**EXERCISE**
Down to the last line, retype the records below exactly and skip the pictures.

**MATERIAL FOR THIS EXERCISE**

•••

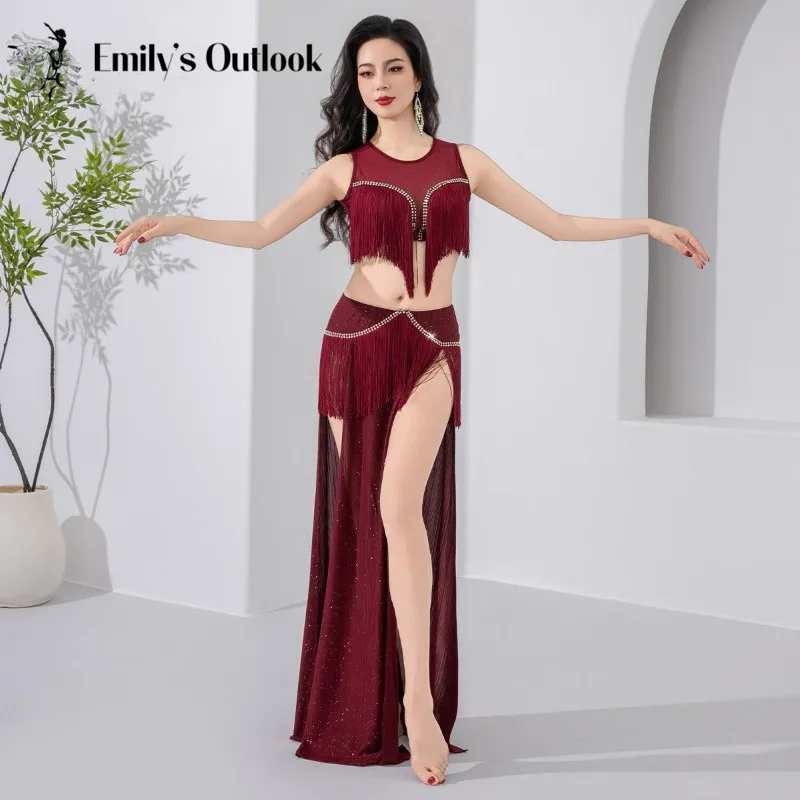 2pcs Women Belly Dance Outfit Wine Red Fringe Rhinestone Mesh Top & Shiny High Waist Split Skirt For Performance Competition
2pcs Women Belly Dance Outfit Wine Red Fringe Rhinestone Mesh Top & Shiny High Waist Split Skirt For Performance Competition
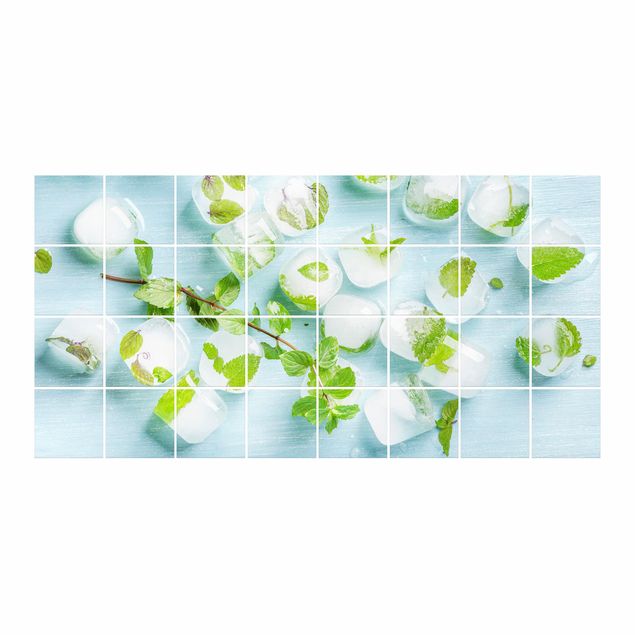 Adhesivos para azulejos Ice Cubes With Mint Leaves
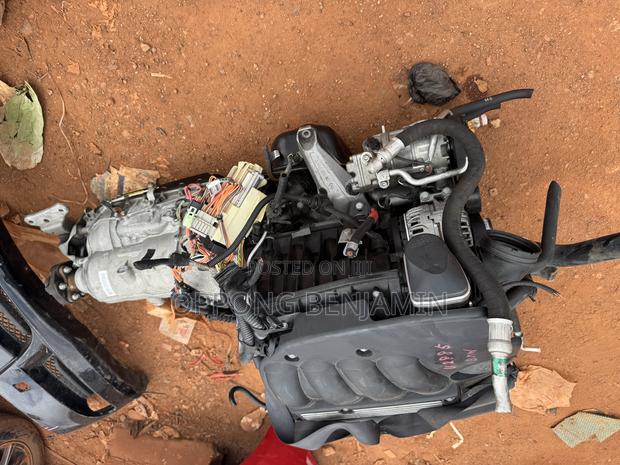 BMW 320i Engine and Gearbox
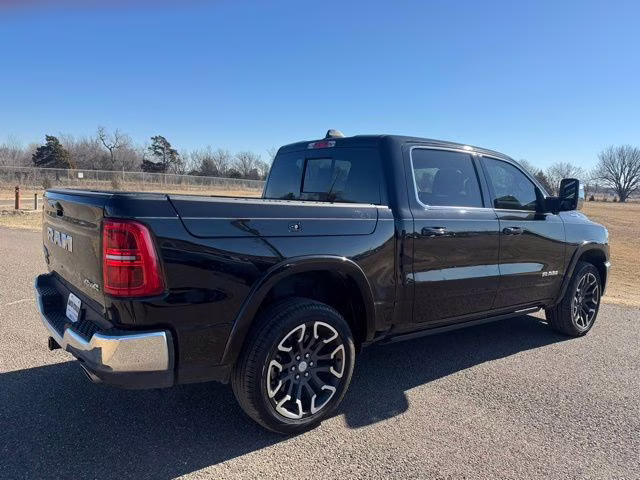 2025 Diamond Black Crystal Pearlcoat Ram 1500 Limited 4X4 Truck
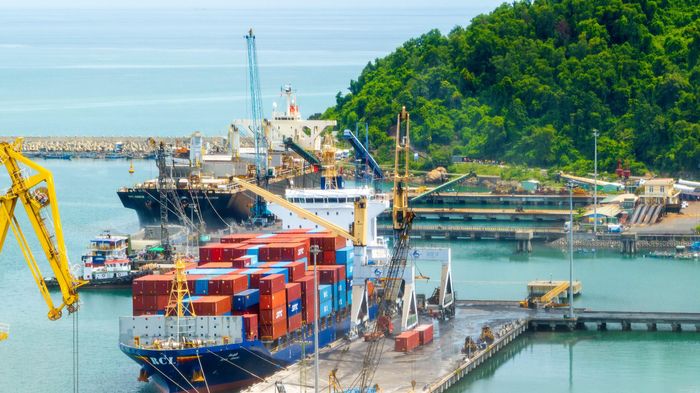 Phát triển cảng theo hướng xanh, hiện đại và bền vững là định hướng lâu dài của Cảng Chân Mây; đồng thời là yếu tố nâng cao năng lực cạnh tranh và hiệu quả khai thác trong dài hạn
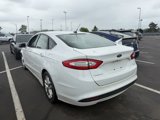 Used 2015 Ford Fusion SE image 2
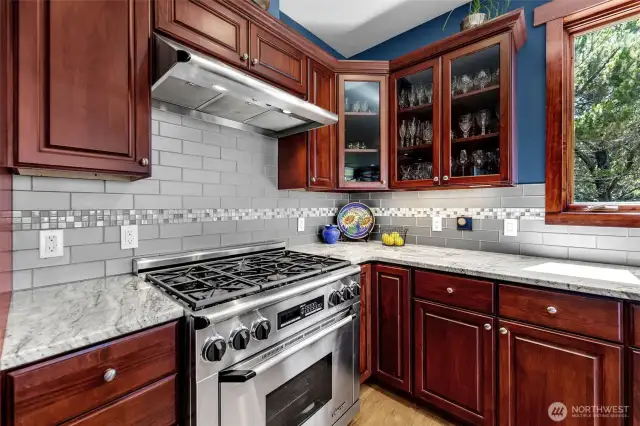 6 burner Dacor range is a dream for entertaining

•••

**RESULT**
 2pcs Women Belly Dance Outfit Wine Red Fringe Rhinestone Mesh Top & Shiny High Waist Split Skirt For Performance Competition
2pcs Women Belly Dance Outfit Wine Red Fringe Rhinestone Mesh Top & Shiny High Waist Split Skirt For Performance Competition
 Adhesivos para azulejos Ice Cubes With Mint Leaves
 BMW 320i Engine and Gearbox
 2025 Diamond Black Crystal Pearlcoat Ram 1500 Limited 4X4 Truck
 Phát triển cảng theo hướng xanh, hiện đại và bền vững là định hướng lâu dài của Cảng Chân Mây; đồng thời là yếu tố nâng cao năng lực cạnh tranh và hiệu quả khai thác trong dài hạn
 Used 2015 Ford Fusion SE image 2
 6 burner Dacor range is a dream for entertaining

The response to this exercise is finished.